C1/C2 corresponds to node numbers - between both chips, they range from 0 to 33000 (though some numbers are unused).
In other news, I was trying to get the simulator to display the PPU's actual output (based on the VRAM's content) and found out the writes to the PPU don't seem to be working as expected. Writing to $2000 to enable NMIs doesn't appear to work, and a simple program like:
Code:
LDA #$77
STA $2007
JMP $0000
Ends up writing garbage to VRAM instead of $77. Writing to CPU RAM works as expected, though, so the problem seems to be the communication between both chips. It's probably a silly mistake, but I've been looking at this for a few hours already and I haven't been able to figure it out.
If anyone's willing to check if they see something that's obviously wrong, it'd probably be around here:
halfstep()clk0 is the master clock, cpu_clk0 is the cpu's clock (e.g clk0 / 12) and io_ce is the chip enable input on the PPU (which is based on the cpu's address bus & phi2)

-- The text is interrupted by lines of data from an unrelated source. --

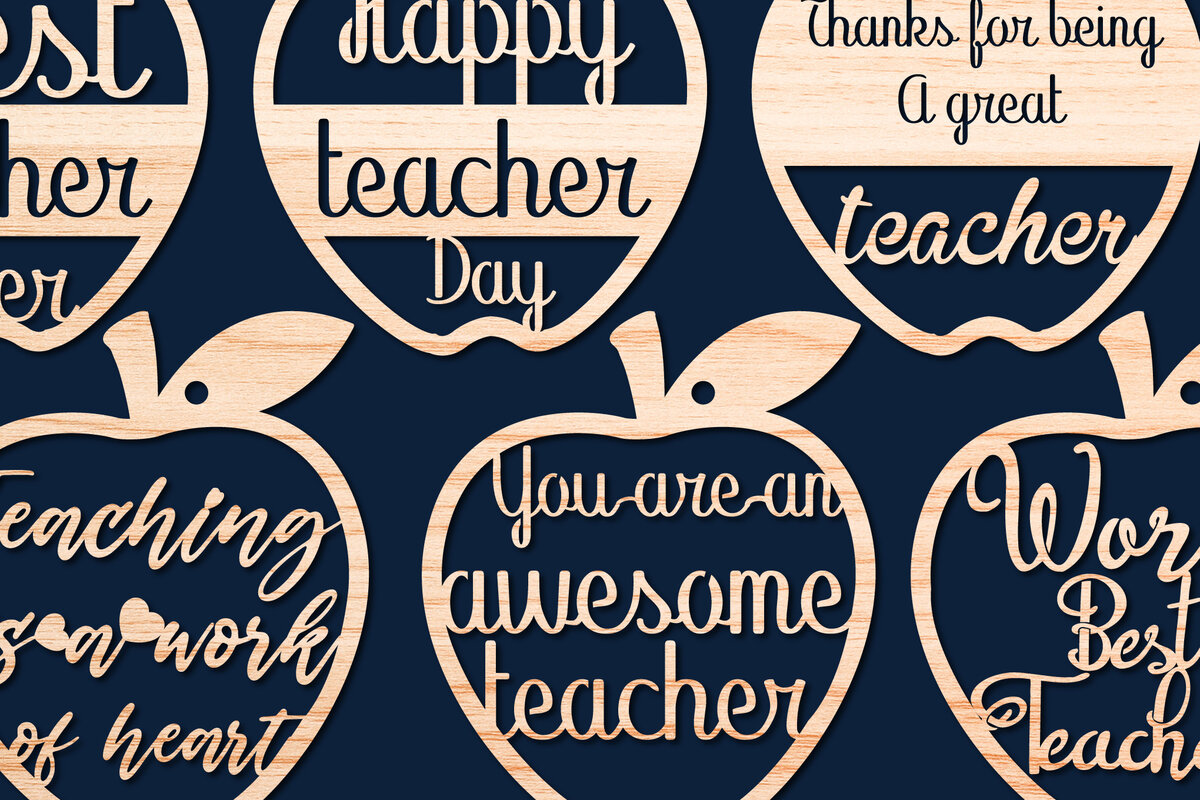 Σετ των 3 Intra απο ξύλο plywood 3mm-4mm πάχος – Teacher Keychain, Teacher Bundle Δίασταση  5x5 cm INTRAFABR-28714944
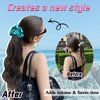 BUPPLER Ponytail Extension with Scrunchies Ponytail Wig Claw Clip in Fake Ponytail Hair Extensions Synthetic High/Low Pony Tail Hair Piece for Women (Green Scrunchie Brown Ash Blonde Wavy)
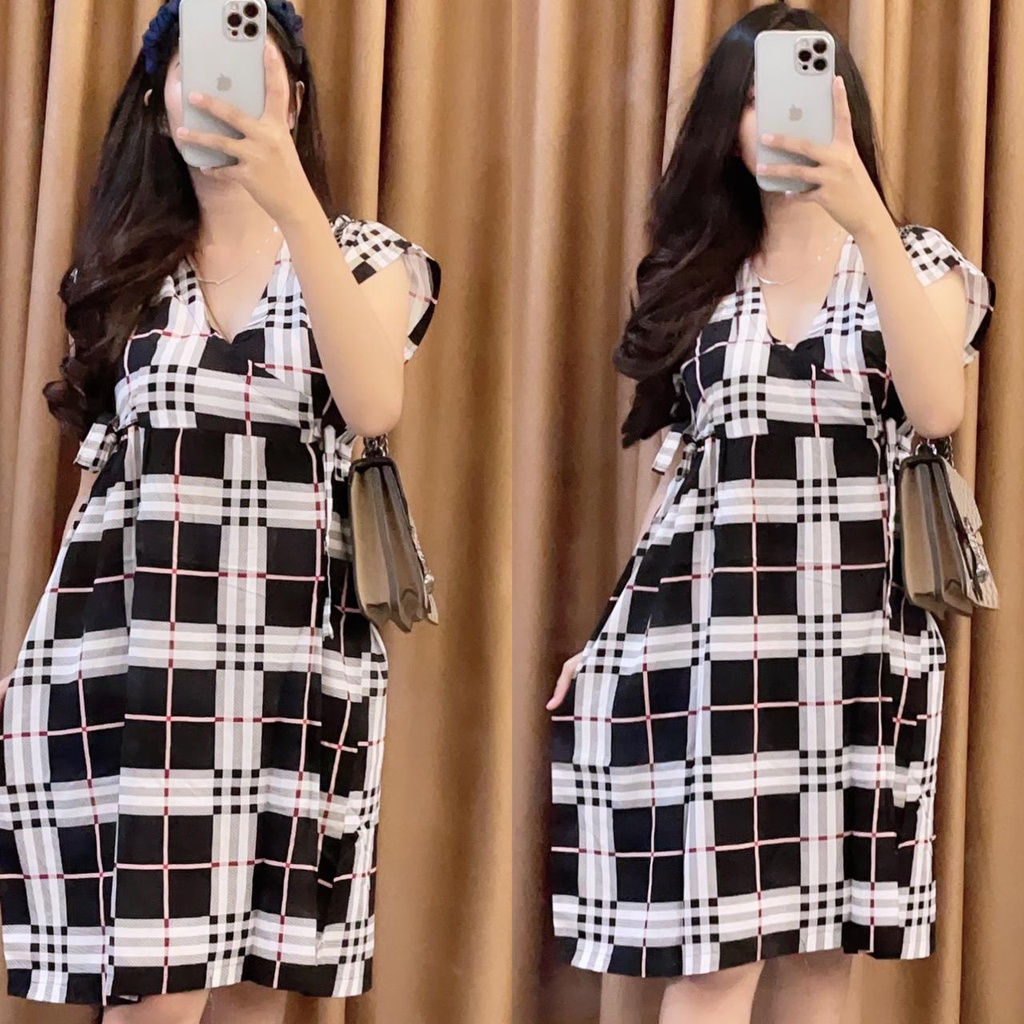 Baju tidur Daster kekinian kimono busui frendly bahan rayon adem-BERRY PUTIH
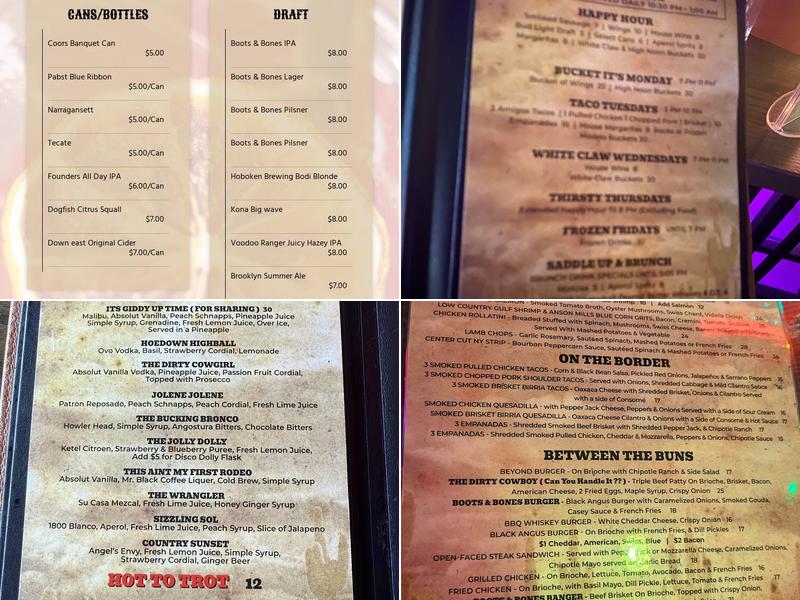 BOOTS & BONES Menu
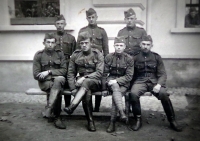 Witness's father in the uniform of the First Republic Army (sitting, far on the left)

I'm unsure if the logic I'm using to replicate the 74139's behavior (io_ce) is correct, among other things.
Everything else is pretty much copy/pasted from the original javascript simulators, though. The major difference being that the original Visual 2C02 uses the function
handleIoBus() to emulate a CPU (this used to work in the C# version too, before I integrated the 2A03 into it).